INFORMATION SHOWN>
==============================
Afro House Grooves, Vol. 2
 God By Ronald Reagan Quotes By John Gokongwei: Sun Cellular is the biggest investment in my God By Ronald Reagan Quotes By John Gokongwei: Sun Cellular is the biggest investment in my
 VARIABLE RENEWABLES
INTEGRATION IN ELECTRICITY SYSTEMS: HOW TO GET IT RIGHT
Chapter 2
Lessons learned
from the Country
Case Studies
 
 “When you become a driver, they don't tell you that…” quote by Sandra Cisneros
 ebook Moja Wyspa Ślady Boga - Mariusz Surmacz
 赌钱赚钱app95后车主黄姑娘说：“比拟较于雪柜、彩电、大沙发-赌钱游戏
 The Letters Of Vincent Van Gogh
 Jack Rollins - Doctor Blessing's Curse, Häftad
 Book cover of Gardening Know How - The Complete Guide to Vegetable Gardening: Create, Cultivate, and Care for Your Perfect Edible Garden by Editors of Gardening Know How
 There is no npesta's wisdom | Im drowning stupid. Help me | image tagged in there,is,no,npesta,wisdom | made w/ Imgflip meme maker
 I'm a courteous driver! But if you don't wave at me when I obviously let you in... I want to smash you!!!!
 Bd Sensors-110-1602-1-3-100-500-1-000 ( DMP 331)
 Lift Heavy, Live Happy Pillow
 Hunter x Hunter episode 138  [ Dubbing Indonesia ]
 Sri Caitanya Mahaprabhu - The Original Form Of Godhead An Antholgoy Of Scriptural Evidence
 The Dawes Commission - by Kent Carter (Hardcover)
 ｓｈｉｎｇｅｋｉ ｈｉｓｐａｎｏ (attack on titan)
==============================
TO DO> Restate the data in full so that no line differs from the original.

REPLY TO THE TASK>
Afro House Grooves, Vol. 2
 God By Ronald Reagan Quotes By John Gokongwei: Sun Cellular is the biggest investment in my God By Ronald Reagan Quotes By John Gokongwei: Sun Cellular is the biggest investment in my
 VARIABLE RENEWABLES
INTEGRATION IN ELECTRICITY SYSTEMS: HOW TO GET IT RIGHT
Chapter 2
Lessons learned
from the Country
Case Studies
 
 “When you become a driver, they don't tell you that…” quote by Sandra Cisneros
 ebook Moja Wyspa Ślady Boga - Mariusz Surmacz
 赌钱赚钱app95后车主黄姑娘说：“比拟较于雪柜、彩电、大沙发-赌钱游戏
 The Letters Of Vincent Van Gogh
 Jack Rollins - Doctor Blessing's Curse, Häftad
 Book cover of Gardening Know How - The Complete Guide to Vegetable Gardening: Create, Cultivate, and Care for Your Perfect Edible Garden by Editors of Gardening Know How
 There is no npesta's wisdom | Im drowning stupid. Help me | image tagged in there,is,no,npesta,wisdom | made w/ Imgflip meme maker
 I'm a courteous driver! But if you don't wave at me when I obviously let you in... I want to smash you!!!!
 Bd Sensors-110-1602-1-3-100-500-1-000 ( DMP 331)
 Lift Heavy, Live Happy Pillow
 Hunter x Hunter episode 138  [ Dubbing Indonesia ]
 Sri Caitanya Mahaprabhu - The Original Form Of Godhead An Antholgoy Of Scriptural Evidence
 The Dawes Commission - by Kent Carter (Hardcover)
 ｓｈｉｎｇｅｋｉ ｈｉｓｐａｎｏ (attack on titan)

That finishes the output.